Yeah, you're totally wrong. Akbar said, "I would say the floating boards. I still can't grasp the concept of how you can grab onto something that is less than 6-inches wide and traverse across these boards that are floating while holding up your whole body." And no offence but you were wrong with Jenn too because she said, "I've run a few of the obstacles and couldn't do the quintuple steps. But I was soaking wet so I blame it on that."
Alright, stage three. OK, I'm not going to penalize Akbar for that. [Laughs.] And alright, the quintuple steps isn't in Vegas, there it's called "piston road." But yeah, that is one with height so I could see Jenn having trouble with the leg stance.
Way to explain yourself. Do you think there is an advantage with the men versus women or maybe with people who are trained in a particular field?
Initially I would say that men have an advantage but what we saw from Kacy Catanzaro, women are competing on the same level as men. As far as sport, rock climbers are proving to be the strongest. I think what we'll end up seeing though is that it's going to be someone who has everything. I think we'll see somewhat of a cross-training war.

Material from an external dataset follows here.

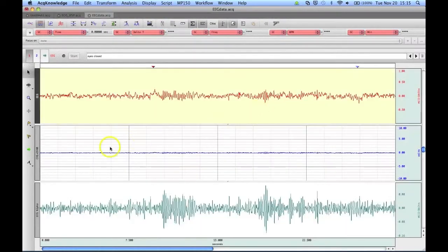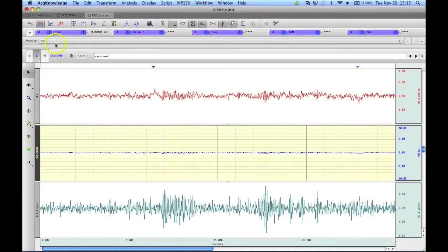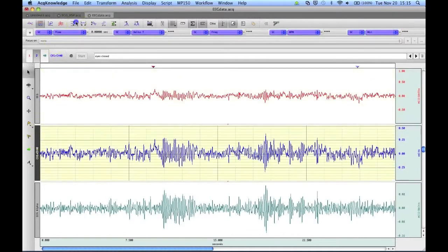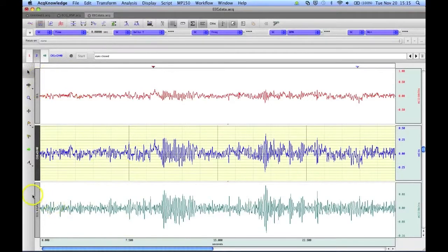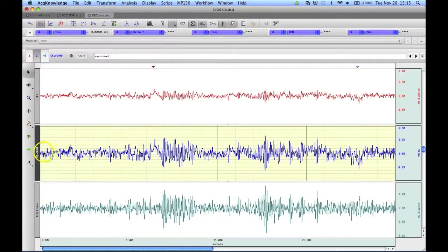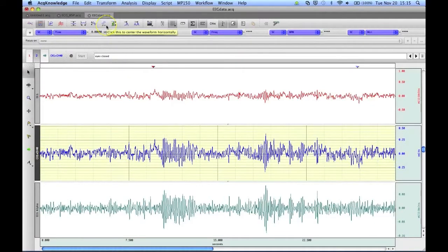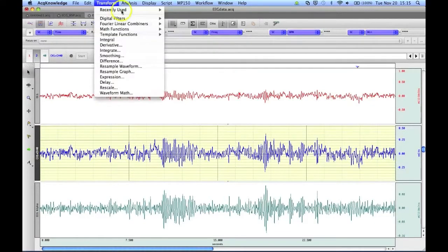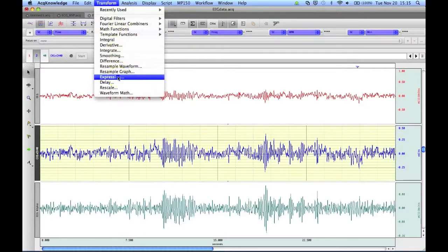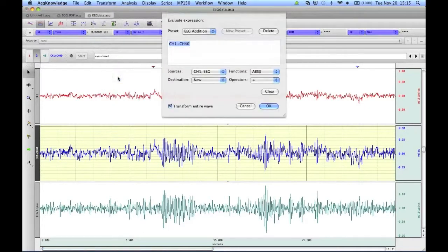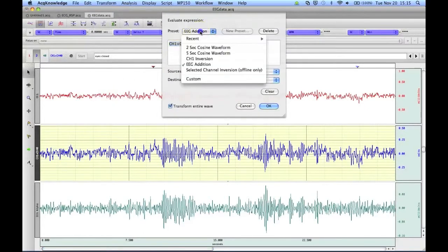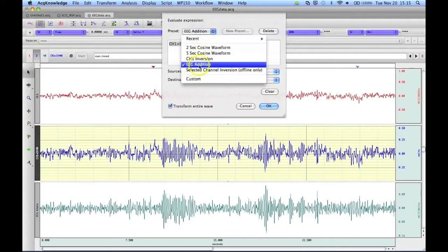And now you'll see here we have our result of the first channel plus this channel pasted in as a new channel. If we were to want to do that transformation again, we could go back to the Expression, and you'll see we have the EEG edition listed now as a preset on our Expression Generator.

OK I would say you all played it safe with that one because no one wants to be perceived as sexist. Akbar said, "I used to think so but looking at Michelle Warnky, Kacy Catanzaro, and you look at last year with Joyce Shahboz who was 40…these women are incredible. Sometimes you can look at something and think that they are not on equal playing ground but that's not true here." Jenn followed up with, "What I've learned from the show is that competitors you think are definitely going to do well may not and then vice versa. I think the perception is that the men will do better and I think women have taken that to heart and been bad ass because of it. I think in the end, no matter the age or gender, everyone just has to be well rounded."
Yeah! [Laughs.] The bottom line here is that we get accused of being sexist and ageist, even discriminating on people based on profession. I think we point out the differences because physical differences are important in such a physical sport. I think we celebrate the differences rather than actually point them out.
Well that's just trolls, you know what it is!
It is! That's what is unbelievable! Why can't a guy who is fifty do something that a twenty year old can do? They can!
Preach yo! OK this is an Akbar related question only. What's the worst injury you've seen?
I've been on for five years and Drew Drechsel blew out his knee in Japan. His NCL, ACL, his PCL, he just destroyed his knee. He rehabbed it and was back the following year and performed better than he ever had. Matter of fact, he did so well that the lady who did his PT was so impressed that she decided to try out and became one of our top female competitors. So yeah, that was a bad injury we had. There was a ruptured eardrum, a few separated shoulders, and a broken Achilles. But if you think about it, it's under a handful on thousands of runs. It's a testament of how good the course is designed and how good of shape these people are in. Again, I tried it and I pulled my hamstring! [Laughs.] There should be a lot more injuries but these people are really in shape!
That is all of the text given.